Australian Municipal, Administrative, Clerical and Services Union v TAB Agents Association (SA Branch) Inc. [2015] FWCFB 3545 (17 July 2015)

An appeal to a full bench of the Fair Work Commission, an enterprise agreement has been declared invalid because of procedural missteps in the lead-up to voting, rather than any intrinsic shortcoming of the terms and conditions of employment it prescribed.

And, the union which ran interference, had not raised the deficiencies it relied on in the appeal, in the original case.

The proposed agreement covered a group of businesses engaged in a common enterprise and the coordinator for the group had distributed all the necessary materials and instructions about the procedural requirements. However, each of the individual businesses themselves (the actual employers) are very small businesses, the largest having four employees, so the information flow at the workplace was informal. Details of when, where and how certain steps were taken, were not recorded in forensic detail.

One of the procedural requirements is for an employer to advise the employees of the time, place and method of voting. This must be done in a certain timeframe. The only available evidence about this aspect was from the co-ordinator, who swore an affidavit indicating that the advice was distributed well in advance.
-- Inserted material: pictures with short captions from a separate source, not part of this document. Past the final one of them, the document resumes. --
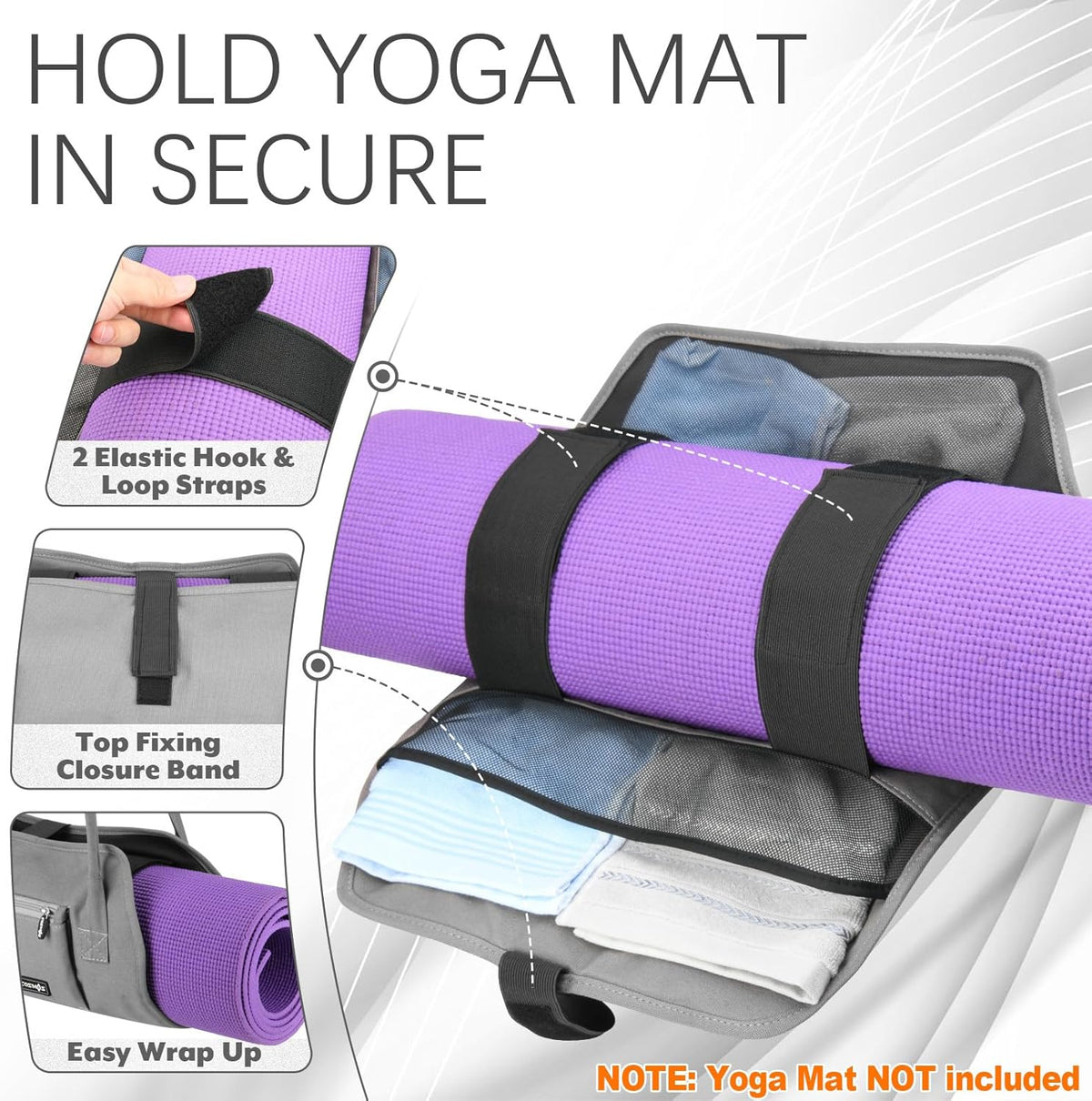 Exercise Yoga Mat Carrying Shoulder Strap Bag with Internal and Outside Storge Pocket (Yoga Mat is NOT Included)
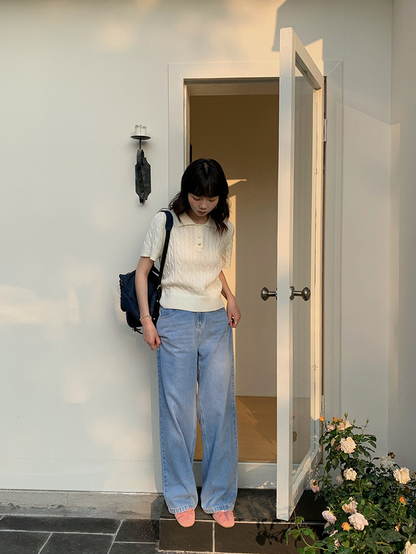 ケーブル編みゴールドボタンニットポロ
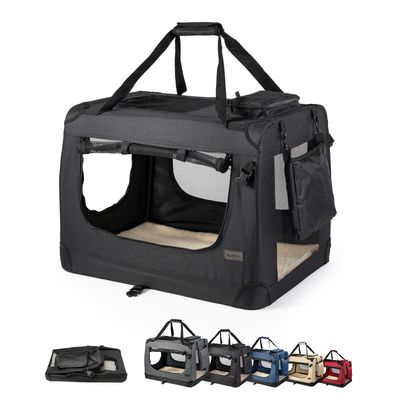 lionto Katzentransportbox faltbar mit Stahlrahmen und Liegekissen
On any reading of the material, it is most likely the employers did take reasonable steps to inform staff of the ballot and the relevant details (they all voted). Certainly the Commissioner hearing the original case was satisfied on the material that there was no concern.

Nevertheless, on appeal, the FWC found that there was no evidence available from the actual employers that the necessary steps had been taken. This meant the agreement had not been made.

The case was complicated by a second string to the union’s appeal (the true reason for it in fact, as the procedural missteps were not raised at the original hearing). But the appeal failed in that area, so the union was able to destroy the agreement reached by the employers and their staff in these small businesses on a trifling technicality.

This case is further reminder, if needed, of the folly of taking a pragmatic approach to procedural steps in agreement-making. Until the legislation is changed to afford the FWC the capacity to apply common sense to these situations, and not the black letter law approach they’re obliged to adopt now, employers and bargaining agents have no choice but to adhere strictly to process, and then check and double check everything.